This is the text for my introduction to a screening of The Princess and the Matchmaker at the London Korean Film Festival on the 4 November
Hong Chang-pyo’s feature debut The Princess and the Matchmaker is a period film about stars, political harmonisation, and sexual liberation.
Let’s start with the stars. Set in 1753, during King Yeonjo’s 29th year on the throne, The Princess and the Matchmaker concerns the evolving relationship between the princess Songhwa (Shim Eun-kyung) who must be married off to avert national drought, and the astrologer Seo Do-yoon (played by Lee Seung-gi) who is recruited to determine which of Songhwa’s suitors will be the perfect match.

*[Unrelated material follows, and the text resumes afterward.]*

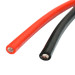 Силовой силиконовый кабель 7 AWG (12 мм²) Черный — термостойкий гибкий провод до 120А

This is the second in a loose trilogy produced by Jupiter Films, all set during the Joseon era, and all highlighting Korea’s varied traditions of fortune-telling. The first, Han Jae-rim’s The Face Reader, focused on gwansang (or physiognomy), and the third, Park Hee-gon’s newly released Feng Shui, looks at pungsu (or geomancy). The Princess and the Matchmaker is concerned with saju, the Korean system of astrology, borrowed from China. All that a skilled practitioner of saju requires is the year, month, day and hour of birth to divine a person’s overall destiny, and compatibility with others for business arrangements or marriage. So amid the film’s comedy, romance and court intrigue, there is a notable prominence given to astrological readings, which are used, abused, falsified, clarified, stolen and weaponised, all as a crucial part of political and personal decision making, in a film whose characters are seeking an ideal future for themselves and/or others.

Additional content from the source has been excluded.